Nobody Invites In A Storm

I couldn’t figure out where to begin, how to start to tell the stories that were swirling inside of me because more palpable than any thing was grief. When I closed my eyes and surrendered the dam to hold back the tears, I could hear my uncle’s voice. I could hear him telling me he loved me and he missed me and asking me to come see him.

I couldn’t see the words I was supposed to write but for the grief soaked tears that blurred the ink before it could dry. The sadness of loss colored everything a misty grey, and even though everything was there, none of it made any sense.

In the past year I have helped to plan three family funerals. First my younger cousin Bryant, second my Uncle Patrick and lastly, my cousin Anthony. Words had been my gift and so, to honor their lives I offered what I could in terms of solace and peace specifically with words. I wrote for them. I wrote to them. I said what I felt many of us wanted to say and I offered my gift to grief.

I haven’t written since last May. I hadn’t made the correlation until right now that perhaps, I could not face the words because they would remind me of our last encounter. Obituaries. Mourning. Loss.

I talk to my dad and my uncle most of all. They have assured me my cousins are at peace and everyone watches over our family. My uncle is, as he always was, my constant. I can’t really explain our relationship, he just got me and I got him. He had a way of talking to me and bringing be back to center, back to me.

Recently I was in the shower, sobbing. Deeply heartbroken over what I considered, at the time, to be a career setback. I was rejected from another job with confusing feedback about my greatness but not for this role. I had heard the same or similar feedback after third interviews, after second interviews, after interviews where I talked to the HM about the role beforehand, after interviews where I was asked to apply…it seemed no matter the circumstance, I simply was not meant to be employed.
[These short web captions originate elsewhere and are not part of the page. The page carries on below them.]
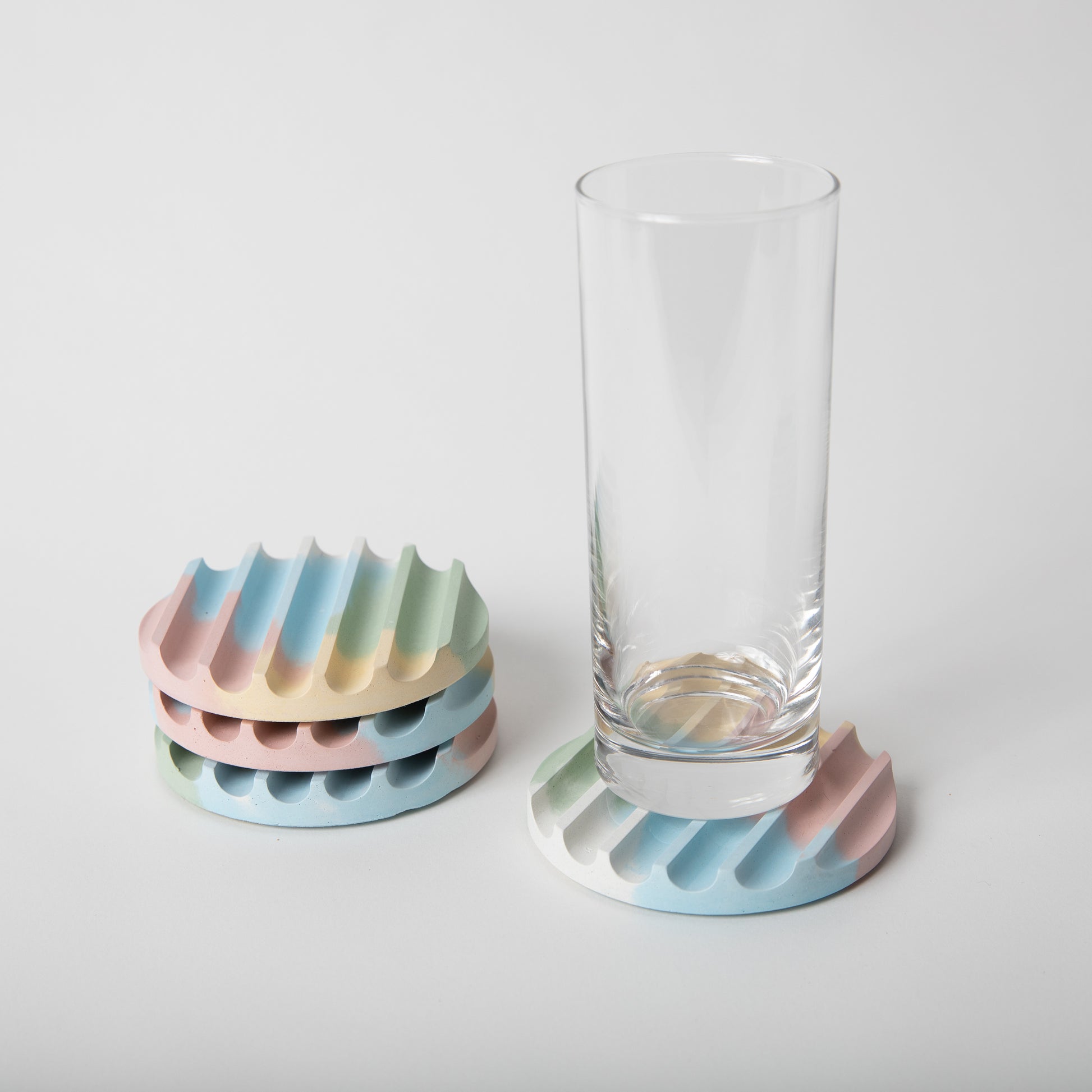 Concrete coaster set with cork base in jawbreaker (multicolor) shown with glass.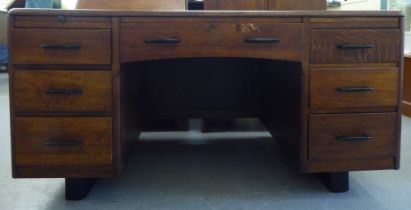 A mid 20thC stained oak twin pedestal desk, comprising an arrangement of seven drawers and two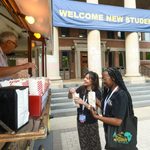 Two students grab popcorn from the popcorn cart in front of Sayles.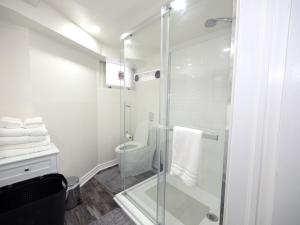 a bathroom with a glass shower and a toilet at Serene Niagara Guest House in Niagara Falls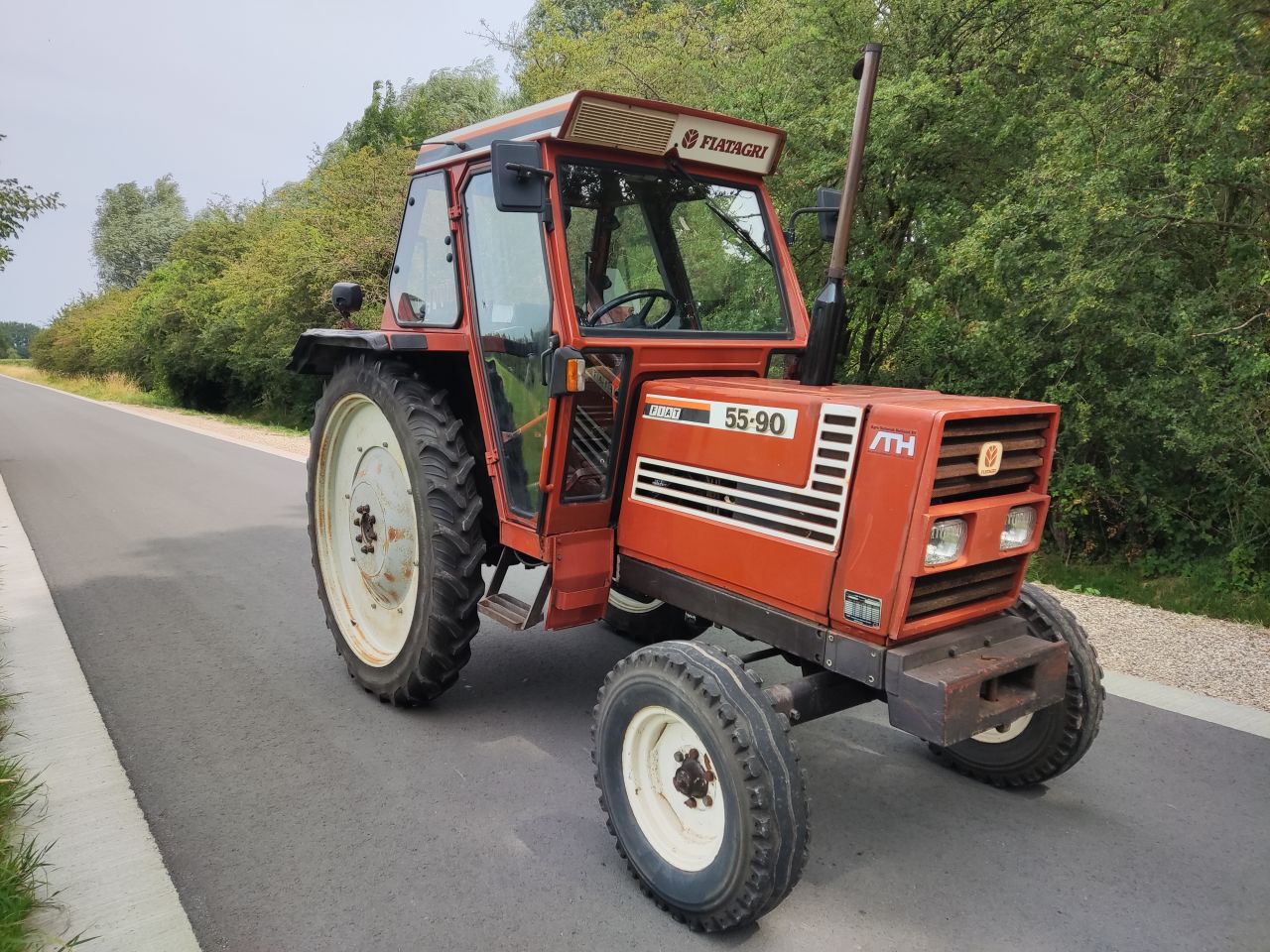FIAT tractor (type 55-90 (4.520 uur)) compleet met machines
At least, not yet and not by these people.

I heard my uncle say to me, “Nobody invites in a storm,” and I said “WHAT?!” I heard the smile in his voice. Could smell the burning of this ash from the tip of his cigarette. Nobody invites in a storm. Was I a storm? I scrubbed at my skin and ran my hands across the word “Divergent” tattooed across my left ribcage. I laughed, full of spite and anger. I was a god damn storm.

I read an interview of Quinta Brunson and the interviewer was asking her about why she sought fame and to be in the entertainment world. She said it was because she’d gone through a break up and she wanted that mfka to see her everywhere he looked. She wanted to be inescapable. She was a storm.

I think about that story often and I relate to it. I take it to heart when people miss the boat on me. I see what is special in me, so clearly, so when people “pass'“ on me, it rarely makes me question myself it more infuriates me because I KNOW what I have to offer and why have all these gifts if I can’t give?

That is when I remember my greatest gift…this one. The one I had been avoiding. The one that was too difficult to reconcile. The one I have cried through embracing. Writing my truth and sharing my story has left me puffy and dehydrated but full all at the same time. What is a storm if not a mix of paradox? a swirl of warm and cool, the intersection of push and pull, the crux of possibility and chaos…A storm forces action and it forces truth. A storm wipes away pretense and revels the bones—the foundation be revealed.

Is it enough? I feel the nerves set in. The doubt. Should I forget it? How do I end it? The nerves creep in and threaten to redefine me. The wind is a storm in the right circumstance. So is a wave. but these things can also be found in places of peace. I may be a storm, but I can also be a rainbow I can also be the blow of the breeze across a cheek or a storm hiding in a falling tear.

I welcome the storms within myself. However they may come. I want to remember that I can always find a way through them with words. And because with my eyes open, I now had context. My dad? My Uncle? My Cousins? Those were losses. These jobs were redirections. If it took missing out on every job I applied to, to get back to myself then it was well-worth the journey. Because this is the person I am fighting for; this is the person for whom I would weather every storm. With every decision to love myself gracefully, softly, compassionately, and without condition I fall further into alignment with the woman of my dreams.